At the start of the book it is Christmas 1929, Jessie Edmondstone is 18 and living with her family in Carlisle. Father, (Jock) is in the Scots Guards and had served during the Great War. He has a wage and a small pension but times are hard and the money does not go far enough. Jessie's mother has to work when she can to augment their income and Jessie is unsuccessfully seeking employment. Brothers John and William have been sent away from the family, John serving as a boy soldier in the Scots Guards in London and William at a school from which he will follow his brother into the Guards. Also at home are sister Anna and youngest child Jamie.
By chance Jock learns that the Naafi canteen manageress in Carlisle is in need of waitresses to help with the family Christmas party and volunteers Jessie. Jessie is obviously alert and intelligent and a good worker. She quickly picks up on what is needed when serving, and she is noticed by the Area Supervisor who offers her the chance to join the Naafi as a trainee. It will mean leaving home and the family, but since there are no jobs for her in Carlisle and the family are so short of money it seems like the obvious next step for her.

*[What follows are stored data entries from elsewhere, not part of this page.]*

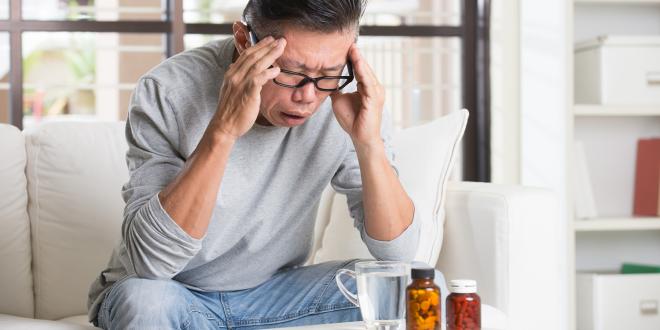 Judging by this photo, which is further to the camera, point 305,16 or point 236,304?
point 236,304

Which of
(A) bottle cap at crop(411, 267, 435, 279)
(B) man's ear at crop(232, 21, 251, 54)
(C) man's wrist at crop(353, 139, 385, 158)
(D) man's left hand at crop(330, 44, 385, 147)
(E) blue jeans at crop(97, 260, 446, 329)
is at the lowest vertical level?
(E) blue jeans at crop(97, 260, 446, 329)

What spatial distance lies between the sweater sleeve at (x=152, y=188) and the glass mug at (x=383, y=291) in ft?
1.15

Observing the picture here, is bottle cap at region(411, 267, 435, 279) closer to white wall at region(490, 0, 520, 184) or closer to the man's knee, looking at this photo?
the man's knee

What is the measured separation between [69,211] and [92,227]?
0.07 meters

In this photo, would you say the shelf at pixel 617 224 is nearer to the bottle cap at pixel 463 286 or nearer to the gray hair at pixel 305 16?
the gray hair at pixel 305 16

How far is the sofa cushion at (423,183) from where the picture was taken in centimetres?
214

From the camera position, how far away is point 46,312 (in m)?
2.29

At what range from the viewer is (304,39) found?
1.59 m

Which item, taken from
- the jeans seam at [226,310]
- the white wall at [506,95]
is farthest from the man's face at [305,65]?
the white wall at [506,95]

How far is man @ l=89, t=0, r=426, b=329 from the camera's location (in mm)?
1585

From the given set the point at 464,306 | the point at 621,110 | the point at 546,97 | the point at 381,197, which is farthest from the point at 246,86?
the point at 621,110

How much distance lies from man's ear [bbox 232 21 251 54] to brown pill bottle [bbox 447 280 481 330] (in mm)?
630

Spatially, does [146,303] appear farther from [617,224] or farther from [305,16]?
[617,224]

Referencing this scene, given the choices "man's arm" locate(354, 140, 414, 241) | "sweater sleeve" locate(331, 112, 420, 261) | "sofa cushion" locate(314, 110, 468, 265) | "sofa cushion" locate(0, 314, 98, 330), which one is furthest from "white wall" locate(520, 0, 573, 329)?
"sofa cushion" locate(0, 314, 98, 330) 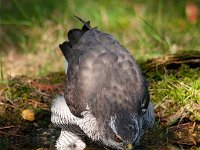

Jessie is sent for a month's training in Bury, Lancashire where she is supervised by a Mrs. Hadley. She is then sent to Burscough nr Ormskirk for her first posting as an assistant. Here she is the only helper and she finds the standards of cleanliness much lower than she expected following her training post and she has to cope with a rather difficult manageress. However, Jessie is resilient and a quick learner and her helpful attitude, hard work and sympathetic personality bring her friends and supporters and she grows in confidence and goes from strength to strength. In the end it is due to a misjudgement that she becomes suspected of stealing and demoted to a new and, because of the suspicion, unpleasant post, but even this turns out for the best as it eventually brings an opportunity for training as a cook which will lead to a different and successful career in domestic science.
This is a delightful book which will be enjoyed by those who remember serving in the forces and the older generation who have similar experiences. It provides a glimpse into how different life was then from how we live today and can only cause the younger generation to be thankful that we have so many aids in our kitchens to make food preparation and domestic chores so much easier. --R Staddon, Nottingham.